Actually, I’d preferred the first show, a brilliantly funny Shrew which had gone down a storm with a matinee crowd of schoolchildren relishing every crude sexual innuendo like a ship load of sailors on shore leave.

Twelfth Night really has to have a wonderful Viola, just as As You Like It has to have a wonderful Rosalind, characters you must fall in love with and (with all due respect to Adrian Lester’s magical Rosalind years ago for Cheek by Jowl) best played by women of sexual vibrancy and androgynous ambiguity.

That said, I don’t think Ed Hall shows any sign of running out of steam, or ideas, with Propeller. It may just be that the company, as constituted, is best suited to the histories and the more robust, less complex, of the comedies. Of course Shakespeare wrote these great women’s roles for boys to play, but when it comes to Viola, or Rosalind, or indeed Hermione and Paulina last year in The Winter’s Tale, you do feel: what’s the point of candlelight when you can have electricity?

That said again, I don’t think I’ve ever seen a better production of The Merchant of Venice than Propeller’s (and I include the  Jonathan Miller one with Olivier and the Trevor Nunn version with Henry Goodman, both magnificent), and I loved The Shrew so much on Friday I sort of didn’t want it to end.

Interesting that, when the Globe did the play with an all-female cast (and a very fine one: Kathryn Hunter as Petruchio, Amanda Harris as Katherine) they didn’t come close to Propeller’s rambunctious swagger and joie de vivre; there was plenty of jokiness and horseplay, but it seemed slightly affected and “put on.”

Nothing “put on” about Anjin: The Shogun and the English Samurai at Sadler’s Wells, in which new RSC boss Gregory Doran recounts the astonishing story of the shipwrecked Protestant merchant William Adams who, in 1600, forged the first trade and foreign relationships with Japan while buffeted by the Samurai wars and Catholic missionaries.

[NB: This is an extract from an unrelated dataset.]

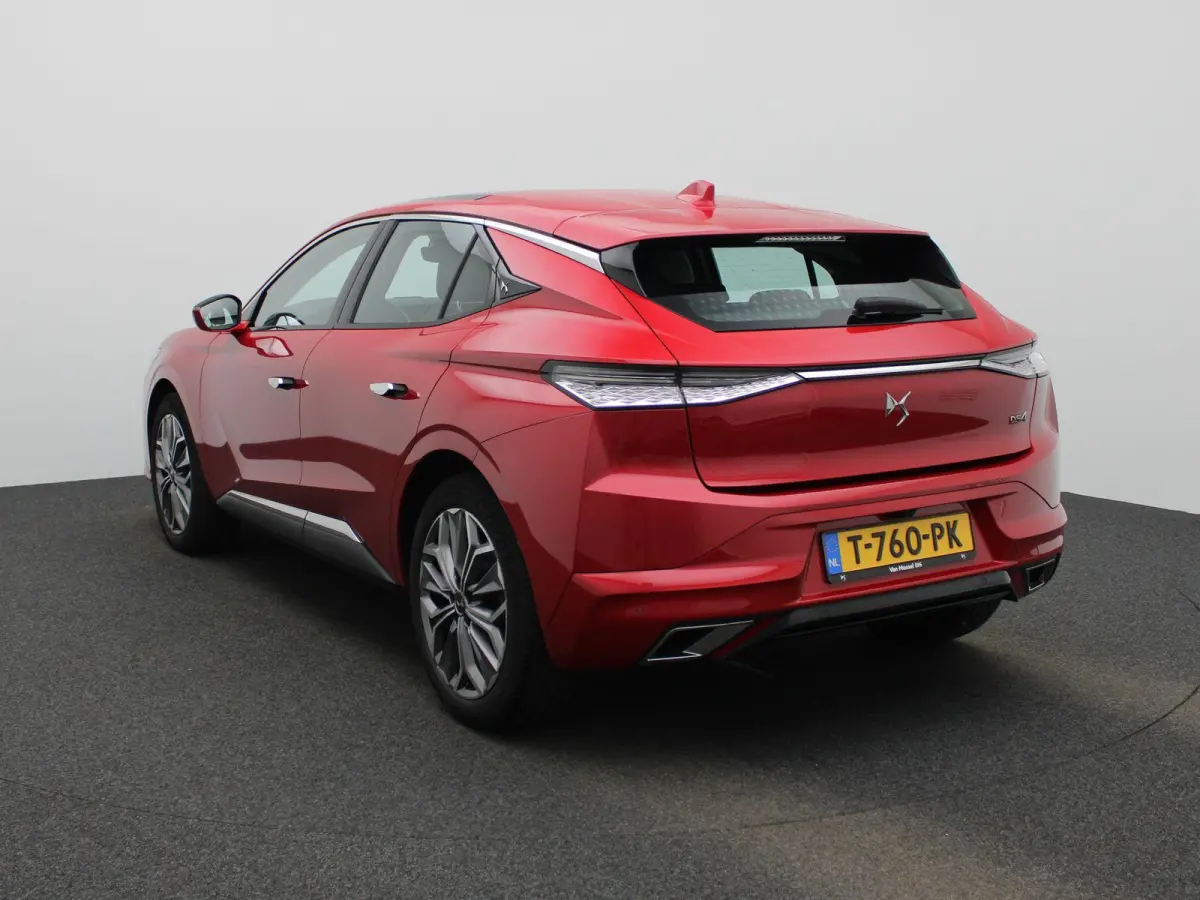 1.2 PureTech Trocadero | PANORAMADAK | NAVIGATIE | HALF LEDER | HEAD UP DISPLAY | ACHTERUITRIJCAMERA |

I caught the Saturday matinee, really well attended, which shows what an appetite there is for the exotic and unusual in London theatre. It’s achingly beautiful to look at, unfashionably slow and long-winded. But is Mike Poulton’s narrative really Shakespearean, as Doran suggests?
 
There are some great battle scenes, a wonderful war horse (solid, rather than artfully sculpted, this one) and simply stunning costumes. But the language is flat and perfunctory, and there’s not much in the way of complexity in either the characters or the acting of a mixed Japanese and British cast.

One scene will remain with me, though, where the old Shogun tells a young boy that his warring family line must be extinguished and that he, the boy, must be beheaded. Does the boy understand this? He does. Does he accept his fate? Yes. Have you ever seen anything so touching and terrible? Not really.